Lake in Ústí nad Labem Region, Czech Republic

Lake Milada (Jezero Milada; formerly also known as Lake Chabařovice) is an artificial lake near Ústí nad Labem in the Czech Republic. It originated from excavation by an old coal mine and flooded former villages, Hrbovice, Tuchomyšl and Vyklice. The lake has an area of 252 ha. Its maximum depth is 24.7 m.

==Location==
Lake Milada lies in the Most Basin lowland. It is located in the Ústí nad Labem Region, in the municipal territories of Chabařovice and Ústí nad Labem. A negligible part also extends into the territory of Trmice.

==Water mode==
In 1998, the mining of brown coal in Chabařovice ceased and the quarry was closed. Recultivation work started subsequently.
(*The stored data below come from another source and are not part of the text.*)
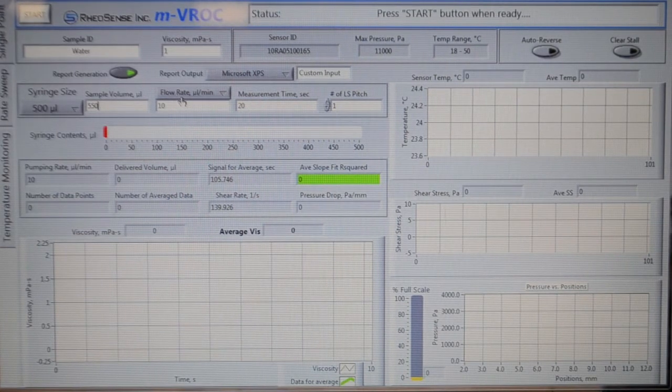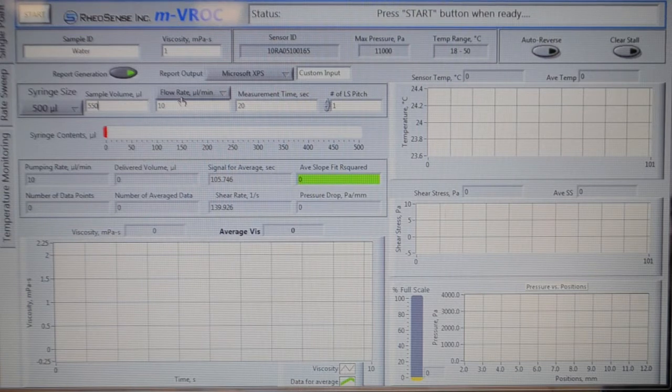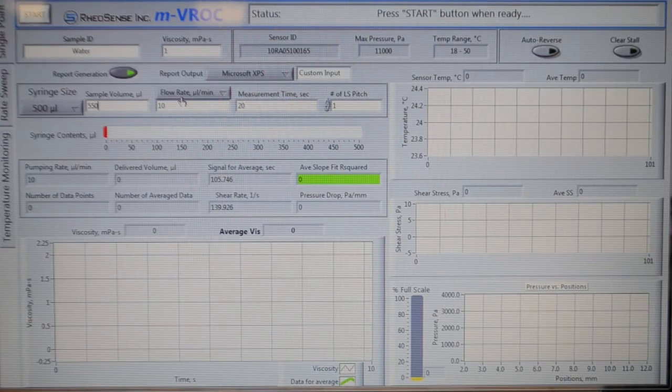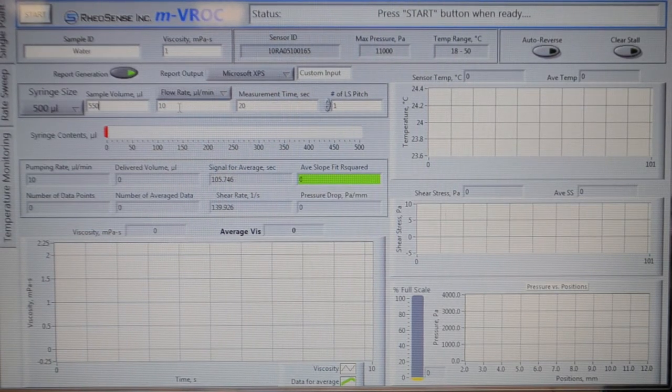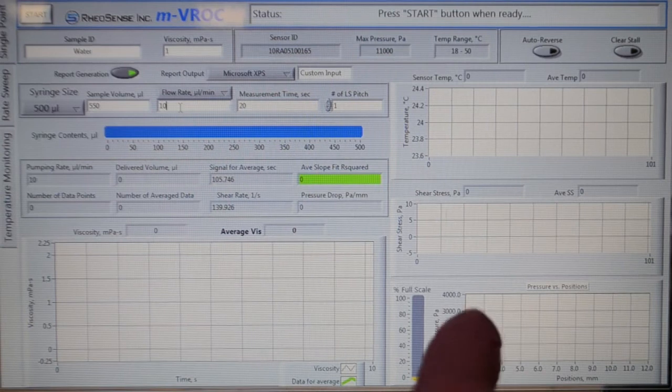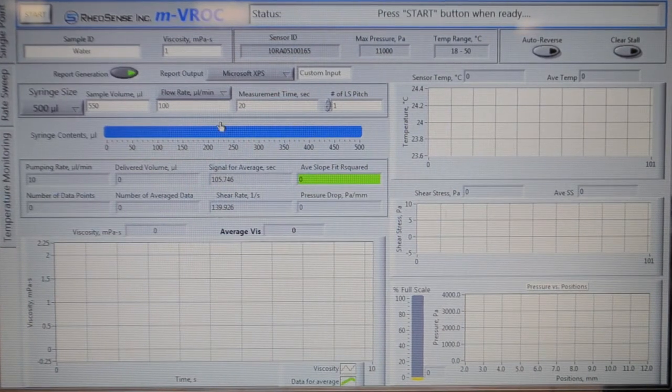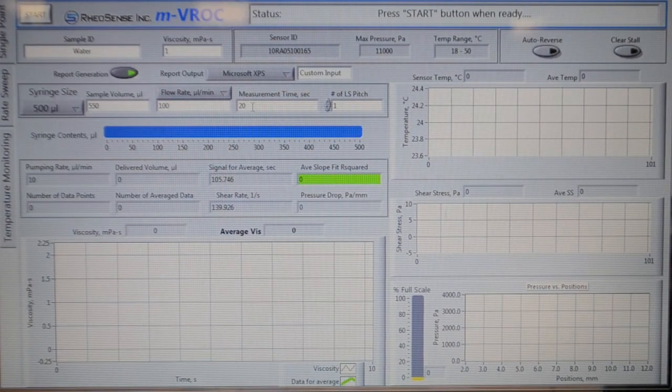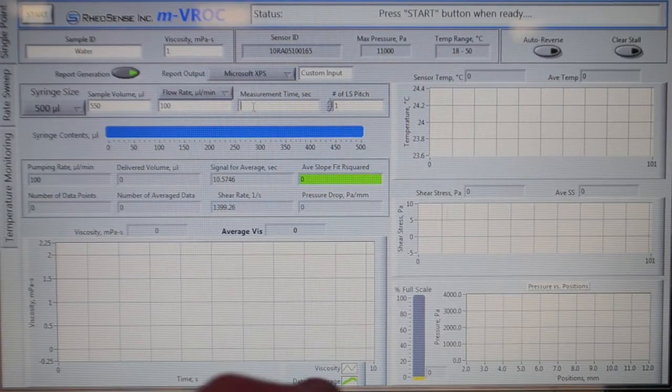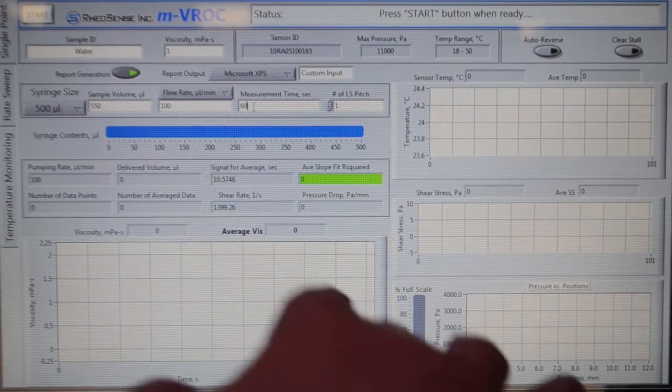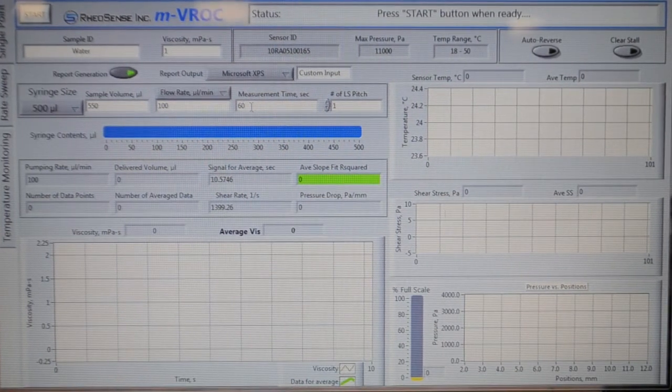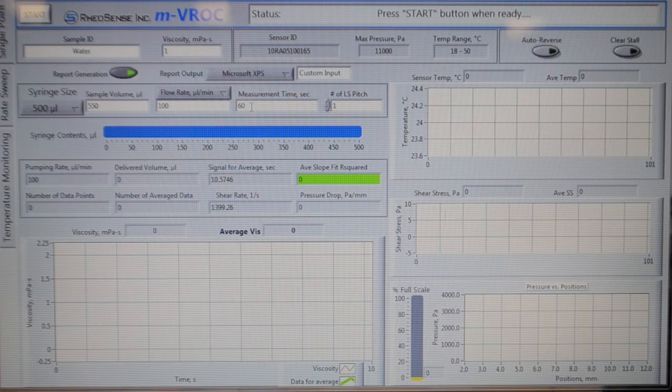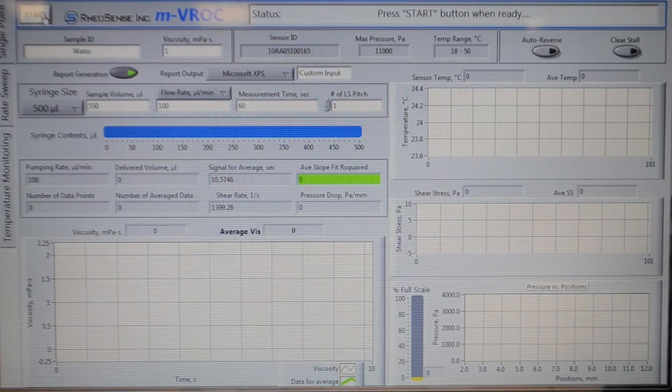Then we need to set the flow rate to 100 microliter per minute and the measurement time to 60 seconds. Then we can go ahead and click start.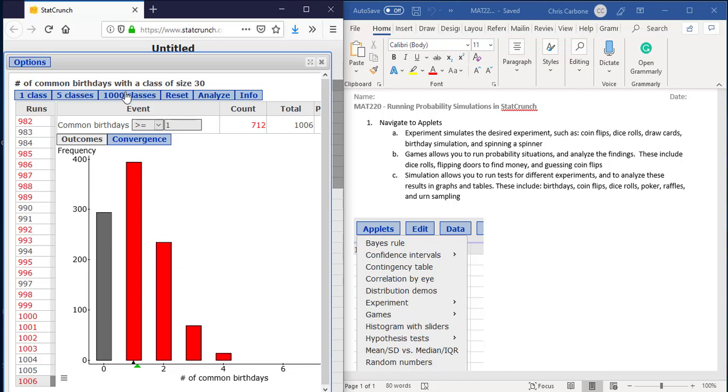So that is how we could run these different applets in StatCrunch. Thank you.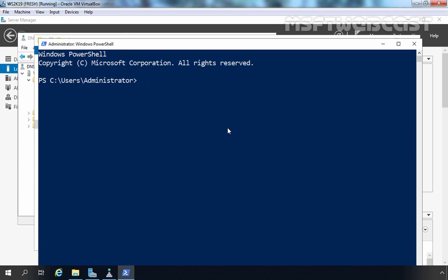I have already logged in as a domain administrator on this computer, so we have appropriate permission to perform this task. Let's run the command: dnscmd /zoneexport, and then you have to specify the name of your Active Directory integrated DNS zone. In our case, it will be mylab.local.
The former Chabařovice quarry was the first of large surface mines within the Czech Republic in which redevelopment and reclamation works, after termination of mining, came to the stage when the remnant den was filled with water. It became a model for other localities.

The watering started on 15 June 2001. The reservoir is the second largest reclaimed lake within northern Czech Republic. The recultivation is based on the hydric system, concretely the watering. The maximum watering speed is 700 L/s and is processed by a water relief from the Kateřina reservoir. At the present time some land is being prepared for investment and the area is being opened to the public. Mild local climate change is expected in the direct surroundings following the creation of the lake, such as an increase in fogs, less dustiness and temperature stabilization.

The water quality is one of the key criteria, which is monitored and will be helpful for projection of the hydric recultivation in another region.

==Utilization==
The lake is partly used for recreational purposes – for bathing, swimming, sailing, cycling, roller skating, jogging, horse riding etc. Fishing is forbidden.

In 2006 originated the Association of five communes called Jezero Milada (Lake Milada). These five communes are Ústí nad Labem, Chabařovice, Trmice, Řehlovice and Modlany. The financial resources of the Association and the city of Ústí nad Labem were used on setting out the cycling path 3009. Cycling path with marking 3009 was opened in 2006 and it goes through the territory of outside dump of the mine with line up to Habří and Řehlovice. In Chabařovice it connects the already built cycling path of the Czech Tourist Club with the same marking, then it goes around lake, diverges across paths in the area and finally it leads to Stadice.

In July 2022 this lake was used to take water with two Canadair aircraft for aerial firefighting at Bohemian Switzerland National Park.